それは気まずさからではなく、鬼灯の中で色々な事を整理しているのだと真鍋は察している。
「…………」
真鍋は師より、一歩踏み出す際に側に誰が居ることが大切なのかを学んだ。
不恰好でも良い、踏み出してすぐに転んでも良い。その時に絶対に側にいて手を差し伸べる。今の彼女には俺を含む、多くの者達との繋がりがある。

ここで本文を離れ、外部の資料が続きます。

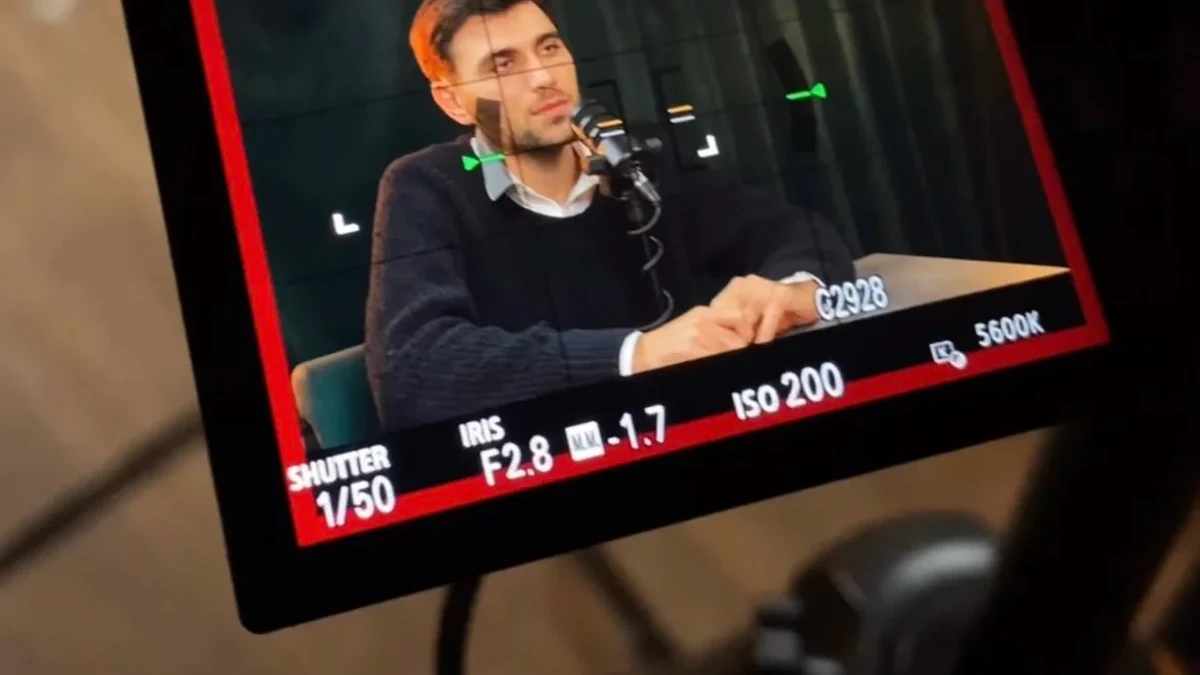 Александр Жиганов на мониторе камеры во время записи подкаста IQTalk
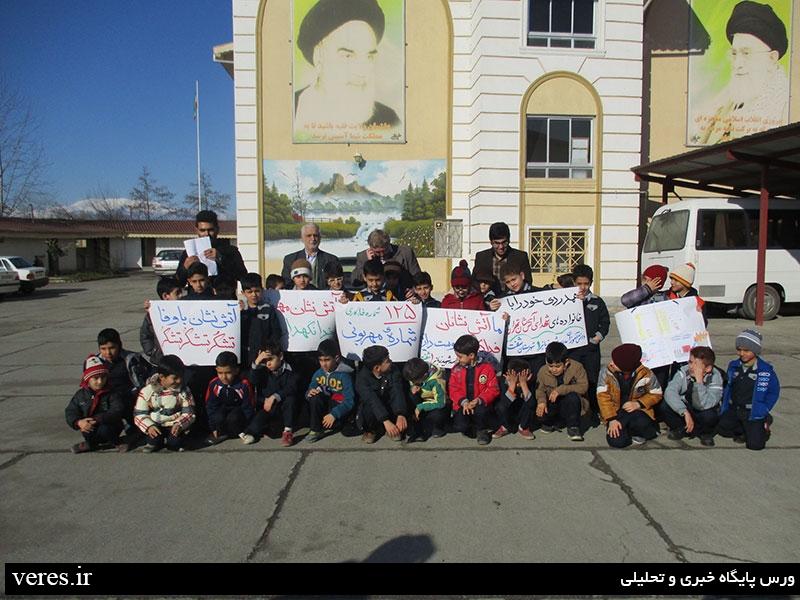 دیدار نمادین دانش آموزان دبستان شهید زبانبر با آتش نشانان شفت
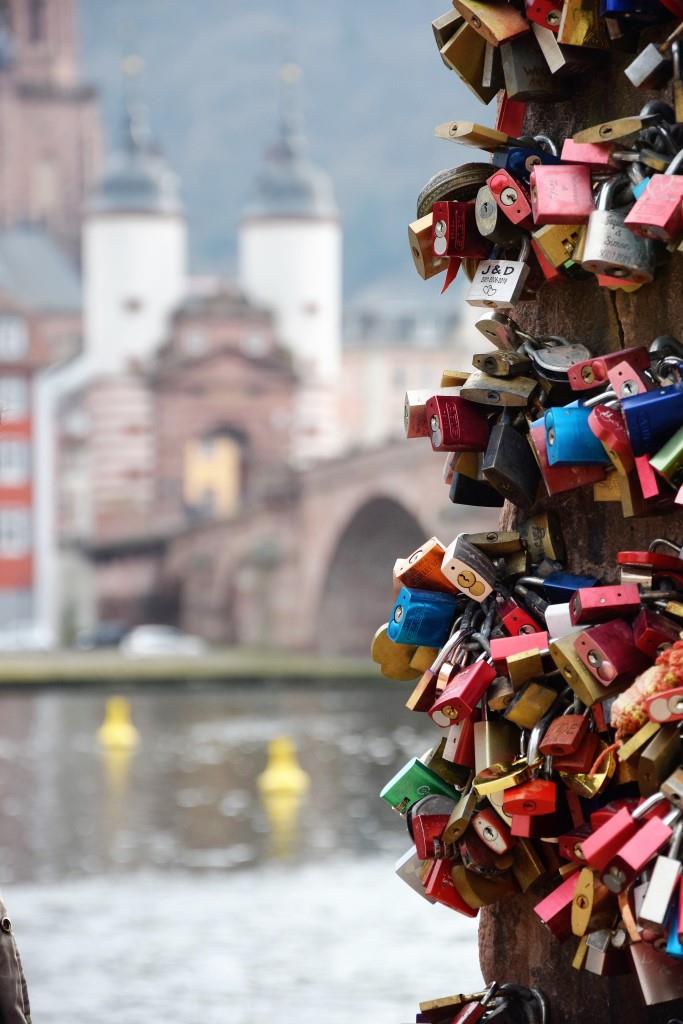 #Heidelberg #liebesstein #liebesschloss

だから、その一歩は決して恐れるモノではないと知って欲しかった。
車は○○精神病院に着くと隣接する駐車場に止まる。
「詩織」
「……コウ君、ありがとう」
鬼灯は車から降りた。真鍋も共に降りて、鍵をかけると彼女と共に門へ向かう。
「入館希望です」
門の近くにある警備室に真鍋が声をかける。その間、鬼灯は病棟を見上げていた。
警備の人と少し話をした真鍋が戻ってくる。
「行こう」
「ええ……」
足取りは決して楽なモノではない。鬼灯にとってその一歩一歩は恐怖に向かう様なモノだった。
「大丈夫だ」
それでも、踵を返さなかったのは隣に真鍋が居たからである。
1号館のロビーに入ると受付で面会の手続きを行う。面会者の名前を書く為の名簿を渡されつつ、本日は後30分で退館ですが、と言われる横で鬼灯は――
“鬼灯未来”
“七海智人”
そう書かれている名前に鬼灯は自分の名前を書く手が止まる。
「…………」
「…………詩織。今日は時間も遅い。帰るか?」
「……ええ……ごめんなさい」
鬼灯からは言い出せない言葉を真鍋が代弁する。
真鍋は受付に断って、退館時間まで敷地内の外を歩かせてもらった。
「……」
「あそこのベンチに座るか」
真鍋に先導されて、鬼灯は2号館の連絡橋から見える位置に座った。
「……」
「……」
二人は無言だが、鬼灯の頭の中では葛藤が多く駆け巡り、ここまでしてくれた真鍋に申し訳無さを感じていた。
「ごめんなさい……私が意気地無いから……」
「気にするな」
「……お母さんに会いたいの……でも……また拒絶されたらって思うと……それに……」
鬼灯は顔を覆って考える。
妹が自分をどう思っているのか。恨んでいるだろうか? それとも軽蔑しているだろうか? どちらにせよ、二人と向き合う勇気を未だに持つことは出来なかった。
「お前は一歩踏み出した。次は一緒に会いに行こう」
「……うん……ありがとう……コウ君」
退館時間となり、二人はベンチを立つと歩き出した。
「父に聞いても、姉さんの事情は教えてくれなかったの。私は、私が幼いから、話せないのだと思っていたわ」
鬼灯は連絡橋の窓から外を見つつ、自分の心情の語る。
「父や姉にとって私はまだ庇護下にある子供だから、話せないのでしょうね」
「……」
それは俺も同じだ。
まだ子供だから。両親や姉貴は俺を護る為に行動している。そんな、家庭の環境が当たり前のように感じていた俺は……鬼灯がどれだけ、背伸びをしなければソレが“当たり前”になるのかを目の当たりにした。
「七海君。私と共に居れば“家族”の事が生涯ついて来る。だから……私とは友達で居ることをお勧めするわ」
俺を見てそう告げる鬼灯の口調は淡々としていたが、表情はとても哀しそうに感じた。
そんな彼女へ俺は考えるまでもなく、反射的に一つの言葉が出た。